*** Dataset extract ***

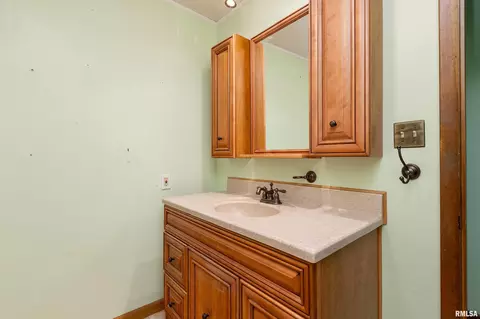 Bath - 515 E Clark Trl, Herrin, IL 62948 photo 2 of 3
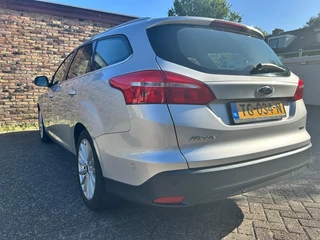 Ford Focus Ford Focus Wagon 1.0 EcoBoost ST Line Business - afbeelding nr 18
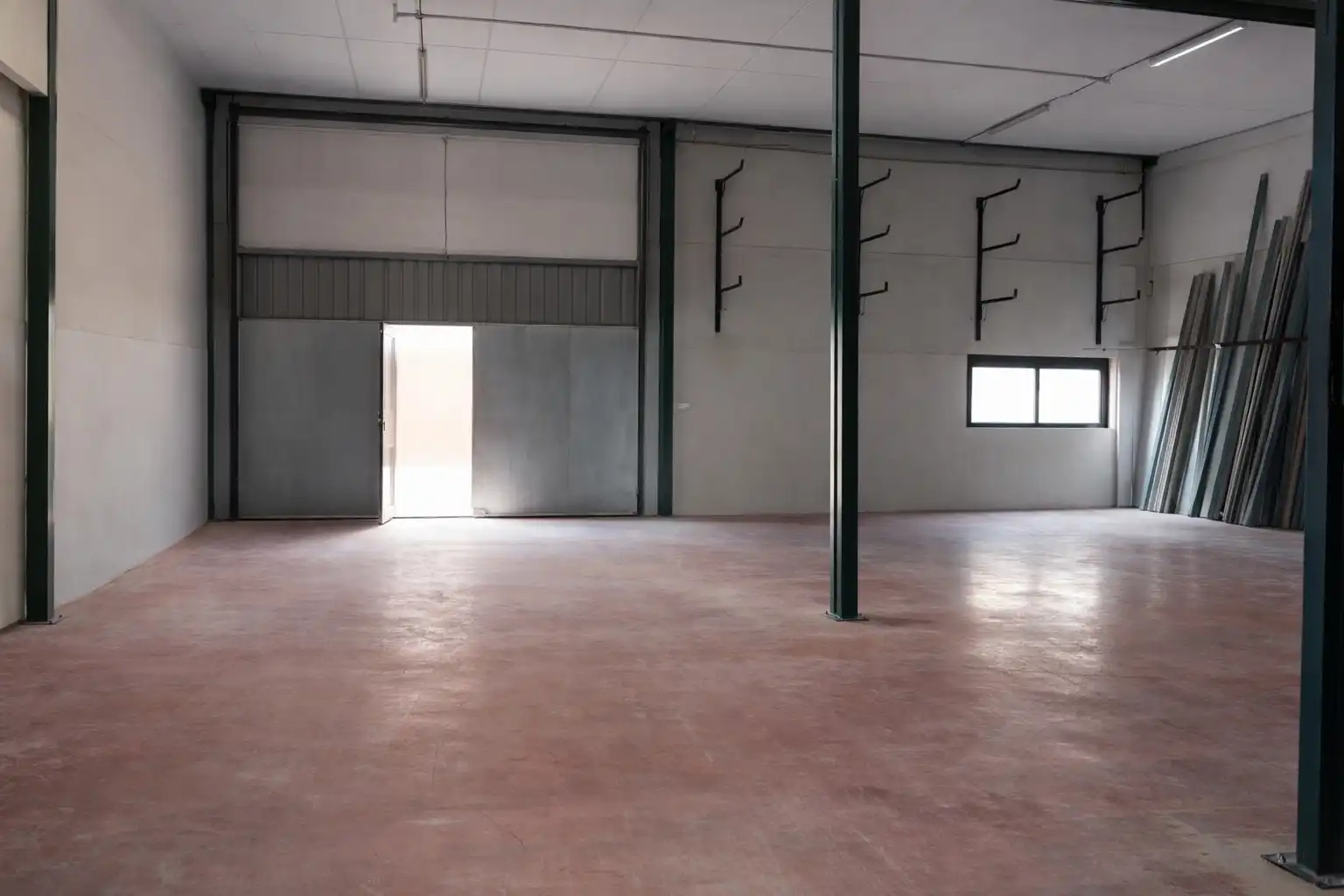 Nave industrial en venta en Boadilla del Monte con Calefacción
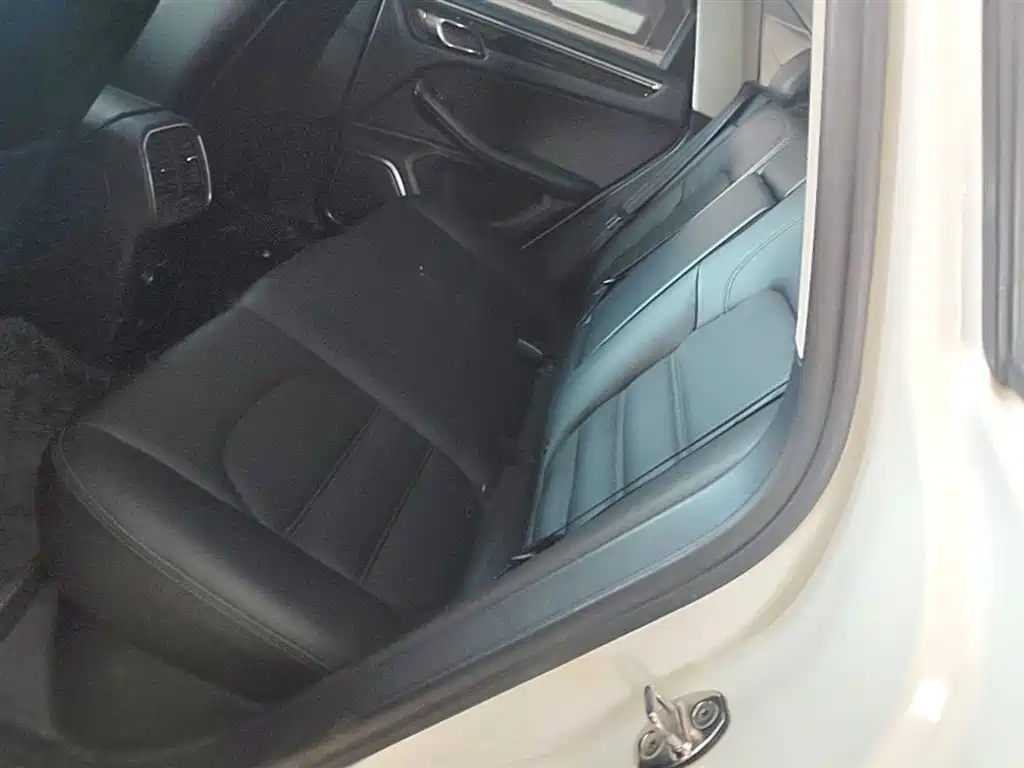Zotye SR9 2018 — фото 17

***

## Task description
Everything in the material above must be repeated exactly, apart from its pictures.

## Solution
 Bath - 515 E Clark Trl, Herrin, IL 62948 photo 2 of 3
 Ford Focus Ford Focus Wagon 1.0 EcoBoost ST Line Business - afbeelding nr 18
 Nave industrial en venta en Boadilla del Monte con Calefacción
Zotye SR9 2018 — фото 17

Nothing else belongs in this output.